[EXERCISE REQUIREMENTS]
Write the listing below again, word for word.
MATERIAL FOR THIS EXERCISE Start Marker
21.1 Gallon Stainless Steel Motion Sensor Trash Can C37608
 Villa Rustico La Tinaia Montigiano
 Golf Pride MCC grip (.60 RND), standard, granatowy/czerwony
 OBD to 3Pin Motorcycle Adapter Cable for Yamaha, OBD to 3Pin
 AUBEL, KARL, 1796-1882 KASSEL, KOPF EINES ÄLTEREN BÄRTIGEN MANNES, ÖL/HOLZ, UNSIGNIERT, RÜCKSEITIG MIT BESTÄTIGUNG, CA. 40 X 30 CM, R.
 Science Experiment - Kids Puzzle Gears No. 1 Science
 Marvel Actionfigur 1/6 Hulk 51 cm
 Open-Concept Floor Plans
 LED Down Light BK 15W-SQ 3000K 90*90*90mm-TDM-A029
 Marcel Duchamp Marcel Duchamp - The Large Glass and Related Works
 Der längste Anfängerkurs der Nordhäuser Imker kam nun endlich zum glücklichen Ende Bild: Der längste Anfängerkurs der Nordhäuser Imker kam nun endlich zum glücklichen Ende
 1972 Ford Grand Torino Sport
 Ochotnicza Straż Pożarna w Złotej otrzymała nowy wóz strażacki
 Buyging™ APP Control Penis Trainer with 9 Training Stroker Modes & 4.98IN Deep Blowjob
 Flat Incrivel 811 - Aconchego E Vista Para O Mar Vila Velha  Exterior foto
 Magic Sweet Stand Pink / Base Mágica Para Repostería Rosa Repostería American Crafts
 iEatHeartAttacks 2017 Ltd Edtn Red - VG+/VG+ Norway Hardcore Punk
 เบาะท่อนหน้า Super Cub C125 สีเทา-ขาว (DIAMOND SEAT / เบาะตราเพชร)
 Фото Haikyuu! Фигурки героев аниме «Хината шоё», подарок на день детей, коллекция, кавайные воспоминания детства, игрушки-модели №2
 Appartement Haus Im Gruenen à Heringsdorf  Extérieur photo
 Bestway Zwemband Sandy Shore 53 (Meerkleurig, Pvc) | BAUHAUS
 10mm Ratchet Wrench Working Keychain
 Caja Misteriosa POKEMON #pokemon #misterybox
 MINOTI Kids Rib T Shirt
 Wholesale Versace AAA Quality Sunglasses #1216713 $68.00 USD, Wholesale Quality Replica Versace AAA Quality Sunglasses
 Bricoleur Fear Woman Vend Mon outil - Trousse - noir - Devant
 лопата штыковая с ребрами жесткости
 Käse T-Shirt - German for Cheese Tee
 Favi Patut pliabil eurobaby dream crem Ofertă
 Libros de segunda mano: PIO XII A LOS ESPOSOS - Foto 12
MATERIAL FOR THIS EXERCISE End Marker
[TASK ANSWER]
21.1 Gallon Stainless Steel Motion Sensor Trash Can C37608
 Villa Rustico La Tinaia Montigiano
 Golf Pride MCC grip (.60 RND), standard, granatowy/czerwony
 OBD to 3Pin Motorcycle Adapter Cable for Yamaha, OBD to 3Pin
 AUBEL, KARL, 1796-1882 KASSEL, KOPF EINES ÄLTEREN BÄRTIGEN MANNES, ÖL/HOLZ, UNSIGNIERT, RÜCKSEITIG MIT BESTÄTIGUNG, CA. 40 X 30 CM, R.
 Science Experiment - Kids Puzzle Gears No. 1 Science
 Marvel Actionfigur 1/6 Hulk 51 cm
 Open-Concept Floor Plans
 LED Down Light BK 15W-SQ 3000K 90*90*90mm-TDM-A029
 Marcel Duchamp Marcel Duchamp - The Large Glass and Related Works
 Der längste Anfängerkurs der Nordhäuser Imker kam nun endlich zum glücklichen Ende Bild: Der längste Anfängerkurs der Nordhäuser Imker kam nun endlich zum glücklichen Ende
 1972 Ford Grand Torino Sport
 Ochotnicza Straż Pożarna w Złotej otrzymała nowy wóz strażacki
 Buyging™ APP Control Penis Trainer with 9 Training Stroker Modes & 4.98IN Deep Blowjob
 Flat Incrivel 811 - Aconchego E Vista Para O Mar Vila Velha  Exterior foto
 Magic Sweet Stand Pink / Base Mágica Para Repostería Rosa Repostería American Crafts
 iEatHeartAttacks 2017 Ltd Edtn Red - VG+/VG+ Norway Hardcore Punk
 เบาะท่อนหน้า Super Cub C125 สีเทา-ขาว (DIAMOND SEAT / เบาะตราเพชร)
 Фото Haikyuu! Фигурки героев аниме «Хината шоё», подарок на день детей, коллекция, кавайные воспоминания детства, игрушки-модели №2
 Appartement Haus Im Gruenen à Heringsdorf  Extérieur photo
 Bestway Zwemband Sandy Shore 53 (Meerkleurig, Pvc) | BAUHAUS
 10mm Ratchet Wrench Working Keychain
 Caja Misteriosa POKEMON #pokemon #misterybox
 MINOTI Kids Rib T Shirt
 Wholesale Versace AAA Quality Sunglasses #1216713 $68.00 USD, Wholesale Quality Replica Versace AAA Quality Sunglasses
 Bricoleur Fear Woman Vend Mon outil - Trousse - noir - Devant
 лопата штыковая с ребрами жесткости
 Käse T-Shirt - German for Cheese Tee
 Favi Patut pliabil eurobaby dream crem Ofertă
 Libros de segunda mano: PIO XII A LOS ESPOSOS - Foto 12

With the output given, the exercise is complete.